Curator Shaheen Merali brings together seven artists who use different media to expose the ugly truth of life.
Anil Budur Lulla Anil Budur Lulla | 17 Jun, 2010
Curator Shaheen Merali brings together seven artists who use different media to expose the ugly truth of life.
Seven artists, each occupying their own space in the art world, showcase their creations according to their beliefs. Video installations, ink-jet painting, oil on wood, black-and-white drawings and a Gandhi figurine reflected in mirrors. They’ve been brought together in a creation titled Cinema Verite Redux by Berlin-based curator and writer Shaheen Merali.
Merali thought of bringing a select seven under the concept cinema verité, whose literal translation from Russian kinopravda means film-truth. This term was originally coined by Russian filmmaker Dziga Vertov in the 1920s. It is now used to describe the documentary filmmaking style that emerged in the 1960s, in large part thanks to the technical innovations that freed the camera from its cumbersome accoutrements of the past.

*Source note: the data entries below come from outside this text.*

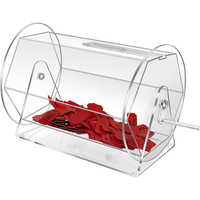 Tambour de tombola rotatif en acrylique transparent personnalisé en gros 2 clés pour tirage au sort fête événement boîte de tirage de loterie en acrylique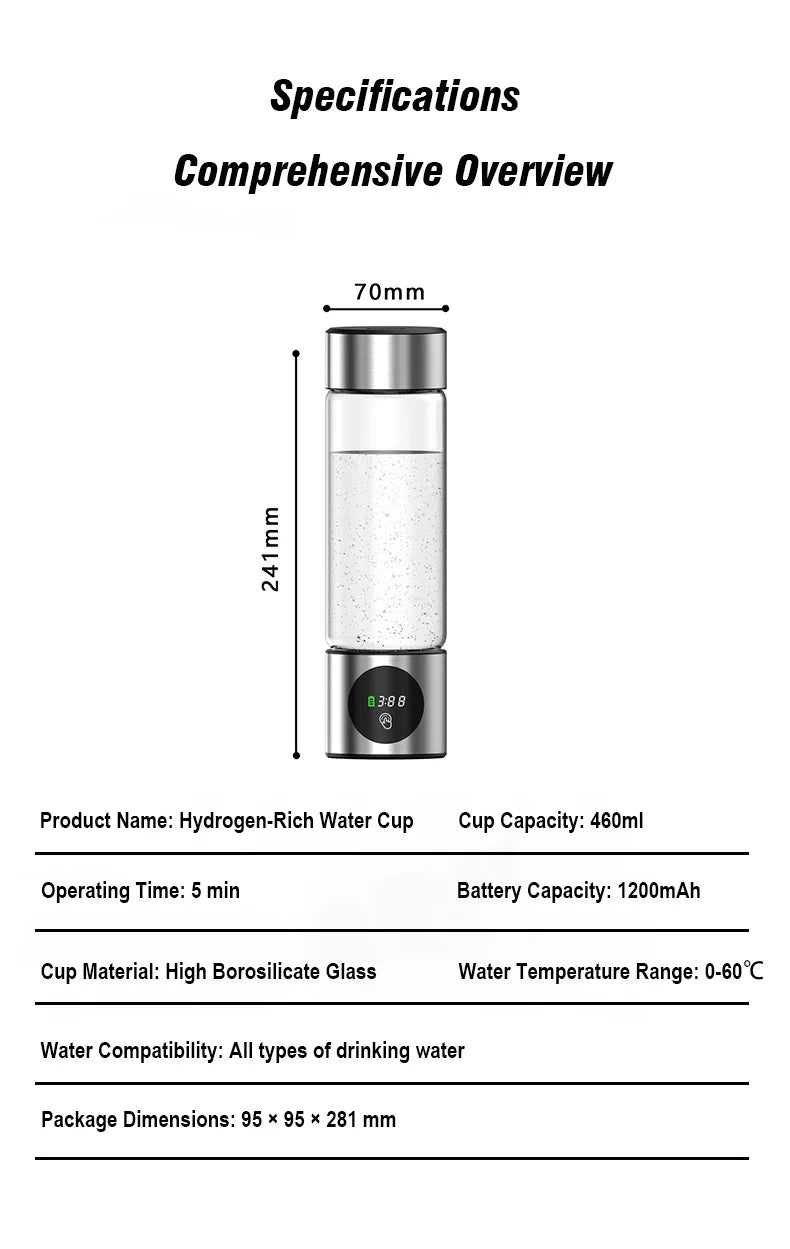 Portable High Performance Hydrogen Water Generator Bottle SPE PEM Chamber Electrolytic Ionizer Rechargeable Hydrogen Water Cup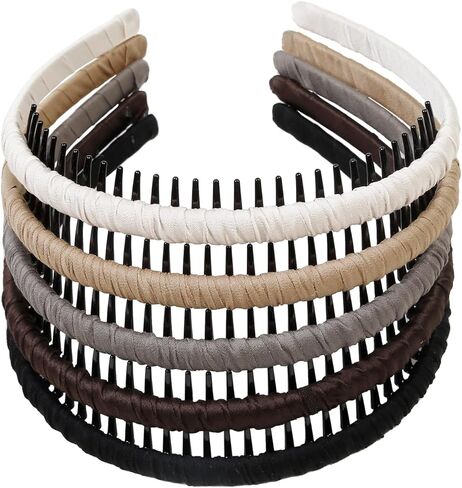 WOWOVOWOVO Thin Headbands for Women Girls Men Plastic Hairbands Fashion Non Slip Elastic Head Bands for Thick Hair Accessories (5 Packs) in Saudi Arabia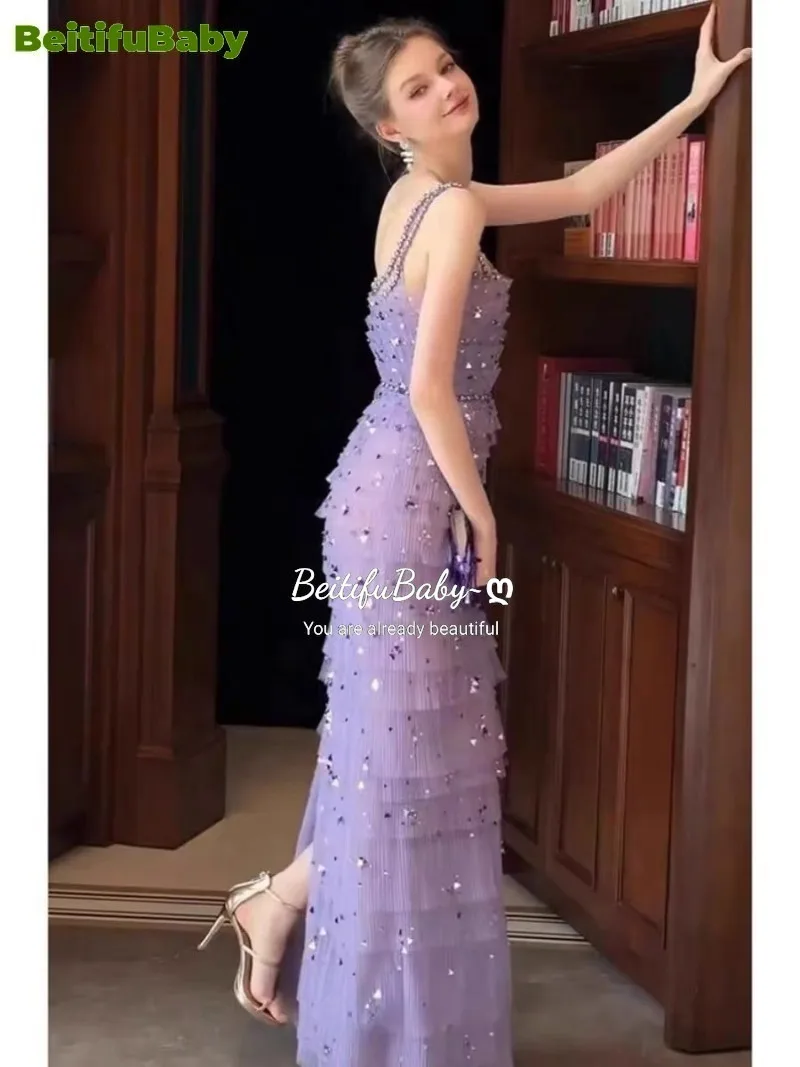 BeitifuBaby Fashion Evening Dress for Women Sleeveless Square Neck Lace Cake Skirts Crystal Decoration Bodycon Dresses Vestidos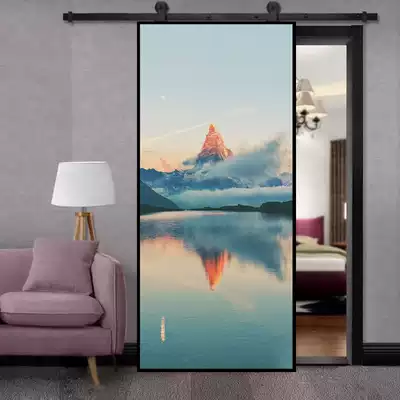 Barn door color carved door HD landscape painting dressing room sliding door aluminum alloy glass door kitchen sliding door customization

“The cinéma-vérité movement of the 1960s distinguished itself from earlier approaches to documentary film through its use of handheld cameras and synchronous sound, its formal innovation and its sense of spontaneity.” Merali says he started to group artists who responded to this concept.
And Redux is the product. “Artists now, unlike before, love experimenting with ideas and processes and materials, so it is no longer surprising to find an artist making work in different media or even subject matters. It is, if anything, very natural now.’’
These seven artists have produced their works as notations of salvation, a clear ground for recovering informed ideas and a commitment within the aesthetic and political intimacy of their belief. Cinema Verite Redux allows a different artistic method, and, therefore, arguably a different result for art in its inscription and embedment into its visual surfaces.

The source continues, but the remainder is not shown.